With a few notable exceptions (Katrina comes to mind), the previous administration was very effective at managing government to accomplish their agenda. Of course, the agenda they pursued was, in my opinion, extremely detrimental and dangerous to the interests of the nation. But they certainly knew how to get where the were going.
This administration has a very different problem. While I might be more sympathetic to the objectives of the Obama presidency, the inability to manage even the simplest of situations reveals that it is hard to imagine this government coming to a happy and successful ending.
Who can forget Obama coming into office promising not to be swayed in his decisions by the 24 hour news cycle? Yet here we are, just eighteen months later, watching this administration fire an employee based on an incomplete film clip and doing so without benefit of a hearing because they wanted her out before Glenn Beck began his show on the day in question.
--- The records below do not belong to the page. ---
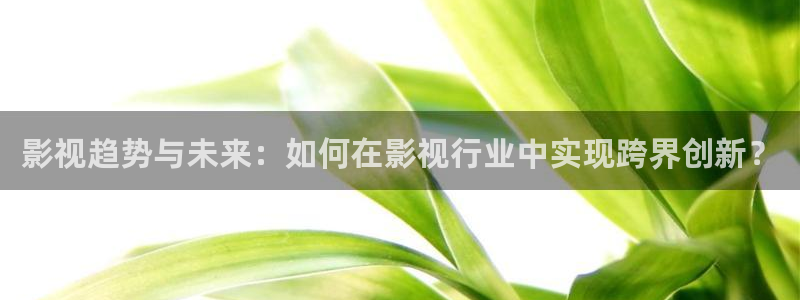 老子的电影：影视趋势与未来：如何在影视行业中实现跨界创新？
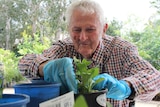 Gardener Keith plants a seedling into the pot.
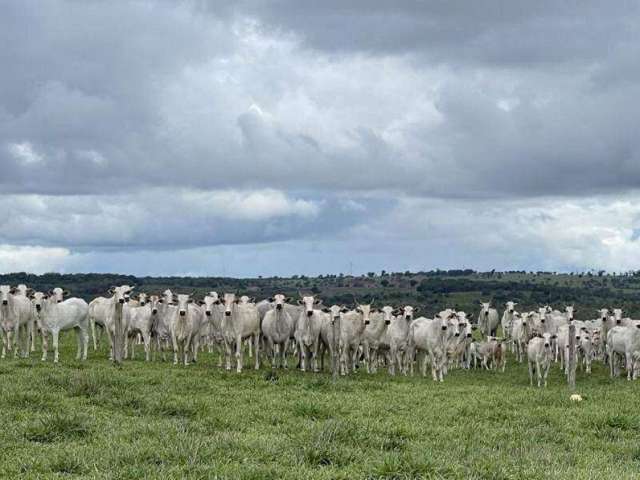 Esplêndida Fazenda em Mineiros-Go!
According to Sherrod, she was given no chance to explain herself. “They asked me to resign. And, in fact, they harassed me,” she said about a series of phone calls from USDA Deputy Under Secretary Cheryl Cook. Sherrod was in the middle of a long road trip, but pulled over after Cook insisted that she write her resignation via Blackberry. She remembers being told, “You’re going to be on Glenn Beck tonight.
Via Huffington Post
This White House has a personnel problem – one that is brought into stark relief by Ms. Sherrod’s situation. And while the firing of a USDA state director may not rise to the importance of health care and bank reform … Afghanistan and Iraq… or any number of critical policy issues that the President must deal with each day, sometimes the smaller things present the largest opportunities. President Obama should take advantage of this latest screw-up to make some management changes in his organization before the Obama White House becomes someone else’s White House.
It’s no secret that I like and admire the President. However, there are many people I like and admire whom I would never consider putting in charge of my business, which brings us to the next rule of good management – surround yourself with top notch people. No boss can be everywhere all the time. If you don’t have competent folks helping to run the store, the store is going to fail.
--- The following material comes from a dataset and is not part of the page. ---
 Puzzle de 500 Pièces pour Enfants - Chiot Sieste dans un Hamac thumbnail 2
This president is in bad need of chief operating officer – and he needs to find one quickly because, as much as it pains me to say it, failing a more competent management team in this White House, I can only come to conclusion that Barack Obama may be better cut out for the life of a legislator where we can all benefit from his many talents without burdening him with the responsibilities of management and administration that come with the job of being the nation’s chief executive.